I shook my head; it was so awful that one almost had to laugh: almost.
‘But what she didn’t see and what Robert Hepburn didn’t see either was that they made the other family forbidden fruit with their stupid feud. Jack and Hilda got an extra frisson from trysting with one another, and in Aitkens’ too. Robin probably thought he was being very daring with Abigail.’
‘And what was Abby up to?’
‘Following her mother’s hints,’ I said. ‘Finding an obliging lover so that she could carry on the Aitken name, even if not the bloodline.’
‘Well, Abby doesn’t have any Aitken blood, does she?’ Alec said. ‘No wonder Mary wasn’t worried about her marrying her so-called cousin Jack.’ He blew out hard. ‘And so the secret of Mirren’s parentage was what Abby told Mary yesterday.’
‘And for all Mary knew, Mirren might have told Dugald and so Mary couldn’t rest until she found out if any of the surviving Hepburns knew about it and, if so, whether they could be trusted never to say.’
‘And do they?’
‘I think Robert does,’ I said. ‘I’m sure he recognised Dulcie’s likeness in Mirren and worked out what it means. Remember, he couldn’t bring himself to look at her picture and when he saw it in spite of trying not to he was horrified. He saw his wife there.’
‘How long do you think he’s known? How did he find out?’
‘No idea,’ I said. ‘Mary told Mirren that she was Dugald’s cousin some time ago, trying to put a stop to the marriage plans. Abby told Mirren that Robin was her father, to make Mirren believe that she was Dugald’s sister, to stop Mirren eloping. Of course, what that revealed to Mirren is… the thing I can’t seem to say.’
‘Her mother and father were brother and… Yes, I see what you mean, Dan. It doesn’t trip off the tongue’ ‘And that’s why Mirren ran away. She couldn’t face her mother once she knew.’
‘Poor child,’ said Alec.
‘Poor everyone,’ I agreed. ‘One can’t really blame Robert or Robin, if the women were really out to ensnare them. And one can’t blame the women. They each of them wanted a child. Mary gave it years and years with Ninian and Abby gave it five years with Jack.’
‘Dandy, don’t be so disgusting. You sound like a farmer. What about Jack and Hilda? Is it poor them too?’
‘If, during that time of tennis and card parties when Mary was away, when Abigail was trying to seduce Robin-’
‘Doesn’t sound like any tennis party I’ve ever been to,’ Alec said.
‘-if, as I say, Jack and Hilda got a whiff of what their spouses were up to, why shouldn’t they have thought that what was sauce for the goose and gander was sauce for the gander and goose?’

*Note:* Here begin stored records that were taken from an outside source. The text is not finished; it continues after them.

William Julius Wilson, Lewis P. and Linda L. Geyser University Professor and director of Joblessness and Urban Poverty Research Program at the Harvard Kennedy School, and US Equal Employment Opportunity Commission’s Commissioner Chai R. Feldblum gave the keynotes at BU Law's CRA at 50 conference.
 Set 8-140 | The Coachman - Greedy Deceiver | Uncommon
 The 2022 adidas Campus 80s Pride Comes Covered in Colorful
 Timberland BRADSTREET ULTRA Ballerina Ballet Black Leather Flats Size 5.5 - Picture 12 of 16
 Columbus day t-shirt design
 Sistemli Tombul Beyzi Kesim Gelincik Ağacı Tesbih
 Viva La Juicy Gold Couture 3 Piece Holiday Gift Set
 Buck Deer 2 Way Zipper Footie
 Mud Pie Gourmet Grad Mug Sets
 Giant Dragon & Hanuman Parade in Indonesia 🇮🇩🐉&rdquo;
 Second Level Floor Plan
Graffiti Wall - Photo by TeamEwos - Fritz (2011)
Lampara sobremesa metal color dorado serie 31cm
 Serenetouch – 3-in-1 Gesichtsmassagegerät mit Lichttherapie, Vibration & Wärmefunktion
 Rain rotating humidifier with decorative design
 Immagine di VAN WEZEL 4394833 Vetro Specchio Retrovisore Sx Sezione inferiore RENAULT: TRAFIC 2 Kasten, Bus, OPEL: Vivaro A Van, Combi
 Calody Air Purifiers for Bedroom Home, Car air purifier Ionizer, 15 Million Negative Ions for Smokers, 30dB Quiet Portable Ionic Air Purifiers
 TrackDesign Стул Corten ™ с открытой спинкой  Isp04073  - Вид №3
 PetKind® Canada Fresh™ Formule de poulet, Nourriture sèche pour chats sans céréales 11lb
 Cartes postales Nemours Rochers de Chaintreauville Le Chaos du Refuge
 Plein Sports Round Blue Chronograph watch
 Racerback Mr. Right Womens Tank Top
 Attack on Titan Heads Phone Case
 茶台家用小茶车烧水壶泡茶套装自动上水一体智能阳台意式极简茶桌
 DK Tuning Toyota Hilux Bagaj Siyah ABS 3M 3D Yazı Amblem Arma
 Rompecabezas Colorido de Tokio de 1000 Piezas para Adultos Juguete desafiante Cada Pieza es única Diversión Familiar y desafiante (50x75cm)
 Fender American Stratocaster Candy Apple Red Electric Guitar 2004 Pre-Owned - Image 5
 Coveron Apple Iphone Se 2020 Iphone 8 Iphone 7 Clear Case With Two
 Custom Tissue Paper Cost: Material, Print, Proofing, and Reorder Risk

‘Neatly put,’ Alec said. ‘And then of course Hilda had been kept in the dark about the four sisters until she was up the aisle and it was too late. I must say, I blame whoever brought about that piece of diplomacy.’
‘Except, look around,’ I said, waving a hand towards the hair salon. ‘Hilda has been pretty lavishly indulged in her life, hasn’t she? And anyway she found a way around the worry of Robin’s poor sisters.’
‘I feel for Abby most,’ said Alec. ‘Poor, heavy-hearted Abby doing her mother’s bidding. I don’t say Jack doesn’t feel guilty, but he’s guilty like a little boy, half-sheepish and half-pleased with himself and hugging his naughty secret.’
‘But still I can’t help thinking that Abby should have been more careful about parties and chance meetings in such a small town,’ I said. ‘I mean to say, we ourselves thought it was the most eligible match imaginable, didn’t we? How could Dugald and Mirren have failed to meet? Either the Hepburns or the Aitkens should have cut their losses and left town. There are no innocents, Alec. Not a one.’
Alec thought for a moment and slapped his hand on his thigh.
‘Bella,’ he said. I cocked my head at him. ‘She’s innocent.’